Can a pencil grip improve handwriting? Improving handwriting is the reason to use a pencil grip in the first place right? Or is the reason because a grasp-pattern “looks non-typical” or maybe children were taught skills too early? Why is it that there are now so many different types of pencil grips available?

One of the first grips was the Stetro Grip. Then the simple foam grips that provided comfort and increased circumference for easier grasping appeared. Next in no particular order are The Grip, Grotto Grip, Handi-writer, Triangle grip, Star Grip to name a few. These grips are different from the adapted grips that were developed to give children access to holding a utensil. The grips named above were created to change an existing grasp pattern for the pencil (or other writing tools).

Children do develop a dynamic tripod grasp between the ages of 2:8 to 3:0 years. At about this age, children are beginning to first imitate then copy very simple strokes such as vertical lines, horizontal lines and circles. Tracing occurs a little after the initiation of copying as tracing does require greater visual tracking and motor control.

Over the years, younger and younger children have been encouraged to hold pencils, crayons and other writing tools to perform higher-level skills for which they are developmentally unprepared. Many well-intentioned pre-school programs want to give the children a ‘Jump Start” for school by teaching these preschoolers to write their names. Since many preschool children do not have an understanding of how the strokes make letters and have not developed precision in handling tools, they compensate by holding the utensil perhaps tighter or using a whole-hand pattern. They are developing these non-typical patterns to control a pencil to ‘draw’ these strokes that are in fact letters. They are laying down a motor plan to write these letters. The position of the hand, visual perception and kinesthetic feedback are all being learned each time they perform a task. These skills are many times splinter skills. As the school age child continues on in school these patterns are still there as learned. The teacher wants a grip to improve the grasp pattern, which will improve the handwriting-?

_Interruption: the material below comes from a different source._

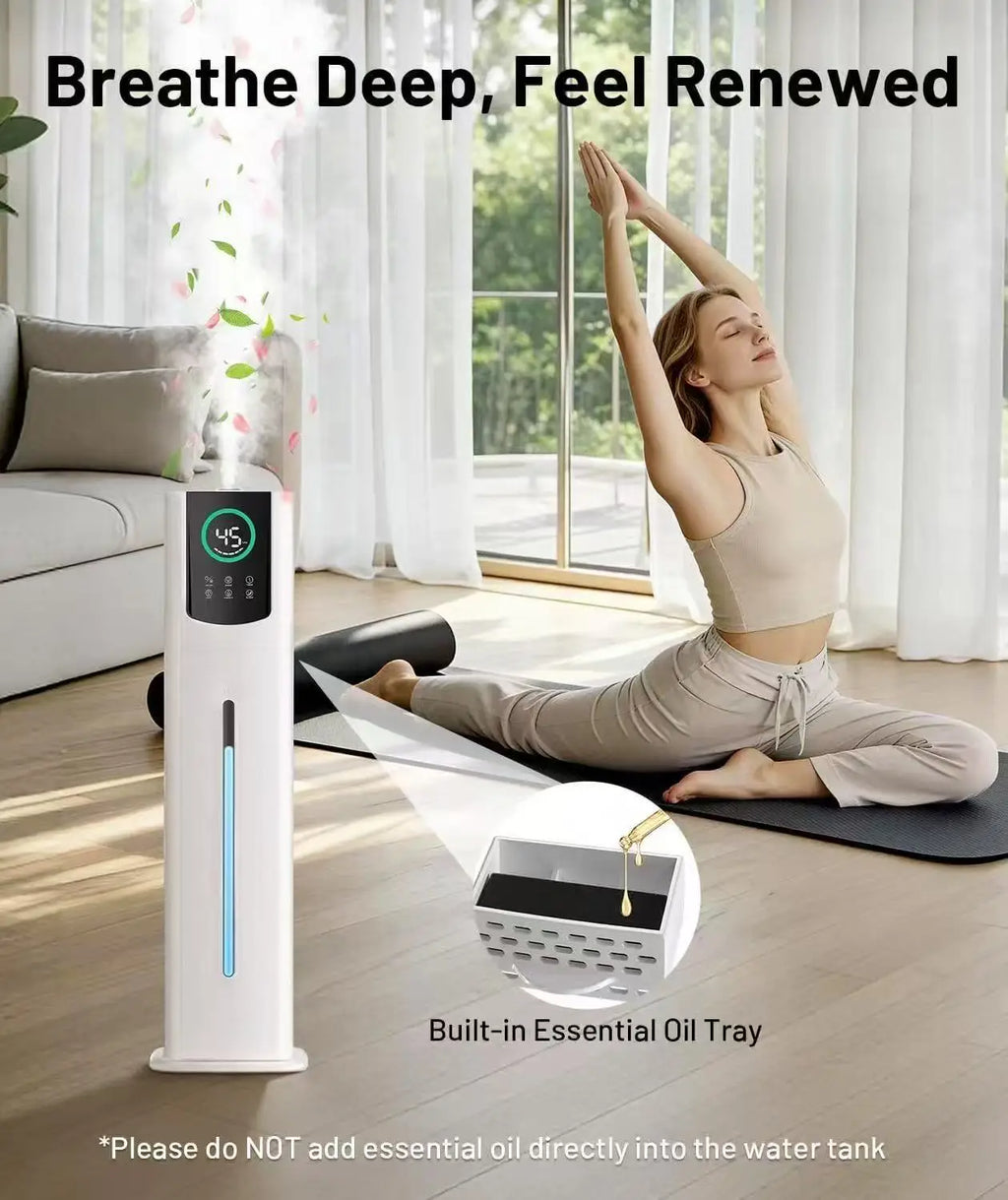 9L Smart Humidifier for Bedroom Ultrasonic Large Mist Air Humidifier Ultra-Quiet 28dB, Auto Shut-Off, Baby Safe White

As most therapists know, it is really hard to change a grasp pattern on a writing tool. It is not as simple as putting on the grip to get improved handwriting as the result. If a pencil grip is going to be introduced, it needs to be initiated with a task that does not have a motor plan already laid down. In other words, don’t start with handwriting. Be creative with using the pencil grip with the focus on grasp prior to starting the writing process. Play tic-tac-toe; push holes in paper with Styrofoam under it etc. Most important, determine if the grasp pattern is a big deal anyway or does it just look non-typical.